Preparing for AMA’s CPT® 2025 Updates
The American Medical Association (AMA) is set to release the CPT® 2025 Code Set on January 1, 2025. This release introduces significant changes to the coding landscape for healthcare professionals and organizations alike. With 270 new codes, 38 revisions, and 112 deleted codes, the 2025 updates will impact the way medical services and procedures are documented, billed, and reimbursed.
Staying ahead of these changes is crucial for healthcare providers, coding professionals, and organizations to ensure compliance, maintain billing accuracy, and avoid disruptions in reimbursement. There are necessary steps that need to be taken to ensure your organization is prepared for AMA's release of the CPT 2025 code set including athenaNet tablespace configuration edits along with updates to protocols and training materials.
Breakdown of Changes in CPT 2025
Here’s a quick summary of the key changes in the 2025 code set:
270 New Codes: These reflect emerging technologies, new procedures, and updated medical practices that were not previously captured or have evolved since the last update.
38 Revisions: Existing codes will undergo modifications, such as updated descriptions, new inclusions/exclusions, or changes in coding guidelines.
112 Deletions: Some codes will be retired, either due to obsolete practices, changes in medical technology, or consolidation of codes for simplicity.
These changes are designed to reflect the dynamic nature of healthcare. They will affect specialties ranging from surgery and radiology to dermatology, orthopedics, and behavioral health.
How to Prepare for CPT 2025 Code Set
Update athenaNet Fee Schedule
Add new codes that your organization supports and delete those that are no longer in scope.
Update athenaNet Allowables
Follow up with payers to determine what the expected allowable reimbursement rate will be for new codes. Add those new codes and rates to the Allowable Schedules in athenaNet.
Update athenaNet Custom Rules
Determine if there is any need to add Custom Rules for the new Procedure Codes to ensure they are used appropriately during the initial roll out.
Update athenaNet Claims Worklist
If your Claims Worklists are customized by procedure codes, then you will want to consider how these new codes should filter into your existing worklists or consider building a new worklist to more closely monitor denials for these new codes.
Update athenaNet Order Type & Procedure Template Mapping
Determine if any of the new codes should be mapped using Clinicals Admin > Order Type & Procedure Template Mapping. This will allow the code to automatically trigger on the provider’s billing tab after ordering.

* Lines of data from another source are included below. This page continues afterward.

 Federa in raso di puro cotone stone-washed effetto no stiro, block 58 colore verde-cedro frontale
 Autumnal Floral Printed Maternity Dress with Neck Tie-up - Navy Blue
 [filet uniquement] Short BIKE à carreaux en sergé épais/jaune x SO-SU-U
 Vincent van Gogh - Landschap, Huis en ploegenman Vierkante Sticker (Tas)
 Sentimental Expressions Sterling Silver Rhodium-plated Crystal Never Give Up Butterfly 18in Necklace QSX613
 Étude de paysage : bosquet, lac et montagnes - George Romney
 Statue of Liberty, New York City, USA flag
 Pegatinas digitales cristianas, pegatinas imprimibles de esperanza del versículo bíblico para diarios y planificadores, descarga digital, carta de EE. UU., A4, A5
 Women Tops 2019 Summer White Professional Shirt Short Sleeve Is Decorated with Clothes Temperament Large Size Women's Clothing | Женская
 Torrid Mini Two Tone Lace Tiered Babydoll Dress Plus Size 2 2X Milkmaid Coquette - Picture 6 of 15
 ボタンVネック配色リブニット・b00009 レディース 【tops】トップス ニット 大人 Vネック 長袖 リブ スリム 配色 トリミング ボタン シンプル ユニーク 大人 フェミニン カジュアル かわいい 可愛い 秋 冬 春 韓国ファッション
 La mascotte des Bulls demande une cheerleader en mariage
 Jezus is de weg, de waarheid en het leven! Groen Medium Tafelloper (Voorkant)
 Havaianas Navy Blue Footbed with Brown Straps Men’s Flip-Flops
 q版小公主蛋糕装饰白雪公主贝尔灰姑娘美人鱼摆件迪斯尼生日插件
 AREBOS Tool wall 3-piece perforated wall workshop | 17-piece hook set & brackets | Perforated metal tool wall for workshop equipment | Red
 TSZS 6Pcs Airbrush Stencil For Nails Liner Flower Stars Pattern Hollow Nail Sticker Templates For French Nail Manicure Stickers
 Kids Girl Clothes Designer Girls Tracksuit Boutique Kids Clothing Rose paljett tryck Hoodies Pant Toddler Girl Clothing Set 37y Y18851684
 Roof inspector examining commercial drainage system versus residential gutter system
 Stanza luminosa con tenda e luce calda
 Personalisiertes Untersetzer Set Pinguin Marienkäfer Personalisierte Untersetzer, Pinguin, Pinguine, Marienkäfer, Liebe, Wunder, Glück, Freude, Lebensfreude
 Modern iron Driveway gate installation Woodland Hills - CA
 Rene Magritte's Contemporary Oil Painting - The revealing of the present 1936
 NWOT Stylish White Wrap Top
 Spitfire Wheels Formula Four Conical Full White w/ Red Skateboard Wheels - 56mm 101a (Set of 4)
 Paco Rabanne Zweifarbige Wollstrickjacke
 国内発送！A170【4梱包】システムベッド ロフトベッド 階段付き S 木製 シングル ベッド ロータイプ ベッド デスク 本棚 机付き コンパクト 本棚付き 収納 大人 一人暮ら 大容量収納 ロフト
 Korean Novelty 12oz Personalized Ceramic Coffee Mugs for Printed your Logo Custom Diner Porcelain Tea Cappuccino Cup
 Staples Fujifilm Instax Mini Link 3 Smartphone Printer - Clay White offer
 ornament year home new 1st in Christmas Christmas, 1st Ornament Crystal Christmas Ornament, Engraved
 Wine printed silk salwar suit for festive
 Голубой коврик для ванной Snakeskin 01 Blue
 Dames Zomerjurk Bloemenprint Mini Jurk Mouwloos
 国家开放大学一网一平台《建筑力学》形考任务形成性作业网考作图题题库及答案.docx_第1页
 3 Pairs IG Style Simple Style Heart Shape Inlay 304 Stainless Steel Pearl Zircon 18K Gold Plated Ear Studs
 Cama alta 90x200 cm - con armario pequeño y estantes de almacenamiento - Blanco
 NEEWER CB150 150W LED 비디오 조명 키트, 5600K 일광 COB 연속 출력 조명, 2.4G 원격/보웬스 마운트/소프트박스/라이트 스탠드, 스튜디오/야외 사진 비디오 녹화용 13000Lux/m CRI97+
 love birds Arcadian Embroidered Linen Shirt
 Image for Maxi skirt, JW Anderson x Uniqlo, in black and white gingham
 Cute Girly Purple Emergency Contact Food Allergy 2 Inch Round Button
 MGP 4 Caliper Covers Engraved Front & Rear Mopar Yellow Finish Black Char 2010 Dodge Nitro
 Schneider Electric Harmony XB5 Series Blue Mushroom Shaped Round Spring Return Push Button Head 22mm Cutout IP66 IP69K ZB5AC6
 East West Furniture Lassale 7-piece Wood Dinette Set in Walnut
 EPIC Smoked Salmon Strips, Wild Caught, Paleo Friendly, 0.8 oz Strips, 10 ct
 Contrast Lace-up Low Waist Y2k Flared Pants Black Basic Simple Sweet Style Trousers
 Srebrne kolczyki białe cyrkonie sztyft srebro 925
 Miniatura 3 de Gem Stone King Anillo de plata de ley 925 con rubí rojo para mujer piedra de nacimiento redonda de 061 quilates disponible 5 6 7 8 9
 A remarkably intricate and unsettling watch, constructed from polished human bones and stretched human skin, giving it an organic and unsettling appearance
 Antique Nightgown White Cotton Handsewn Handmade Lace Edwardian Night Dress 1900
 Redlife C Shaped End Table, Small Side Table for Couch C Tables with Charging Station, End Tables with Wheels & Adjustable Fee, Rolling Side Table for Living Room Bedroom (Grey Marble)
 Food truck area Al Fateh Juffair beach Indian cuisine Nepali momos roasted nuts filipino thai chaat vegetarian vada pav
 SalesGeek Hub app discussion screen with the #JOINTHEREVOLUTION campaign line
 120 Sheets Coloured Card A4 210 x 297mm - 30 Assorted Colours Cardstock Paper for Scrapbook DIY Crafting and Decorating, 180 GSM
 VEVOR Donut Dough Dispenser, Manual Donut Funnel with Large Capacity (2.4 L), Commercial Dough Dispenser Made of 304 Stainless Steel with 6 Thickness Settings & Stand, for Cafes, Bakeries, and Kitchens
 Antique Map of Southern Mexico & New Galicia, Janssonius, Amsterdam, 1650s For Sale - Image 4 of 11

Update any workflow guides or standard operating procedure documents
Implement templates or checklists to ensure all relevant new services and procedures are thoroughly documented and linked to the appropriate CPT code.
Retrain providers and billing staff on new regulations
Communicate changes via email - Make sure that all providers and clinical staff are aware of revised code descriptions to ensure they accurately document the services they provide.
Review changes during Internal Meetings
Host Training Sessions. Record/Distribute Training and require review
Stay Updated on Payer Guidelines
Insurance companies and government programs like Medicare and Medicaid may release their own updates or clarifications on how the new CPT codes should be applied in their systems:
Check for Payer-Specific Guidelines: Each payer may have slightly different rules for applying the new codes. Make sure your coding team is aware of these guidelines.
Monitor Coding Updates: Watch for updates from major insurance companies regarding how they will process CPT 2025 claims, especially if there are any changes in reimbursement rates or coverage policies.
Monitor for Continued Changes
The CPT code set is regularly updated, and there may be additional changes or clarifications even after the initial release of the CPT 2025 codes. Stay Informed: The AMA will provide detailed guidance, including errata or addendums, if necessary. Keep an eye on these updates to ensure your coding practices remain current.
While it can be overwhelming to manage the transition to the CPT 2025 code set, remember that this process is an opportunity to refine your coding practices, streamline workflows, and enhance reimbursement accuracy. By embracing the change and preparing strategically, you’ll set your practice up for success in the coming year.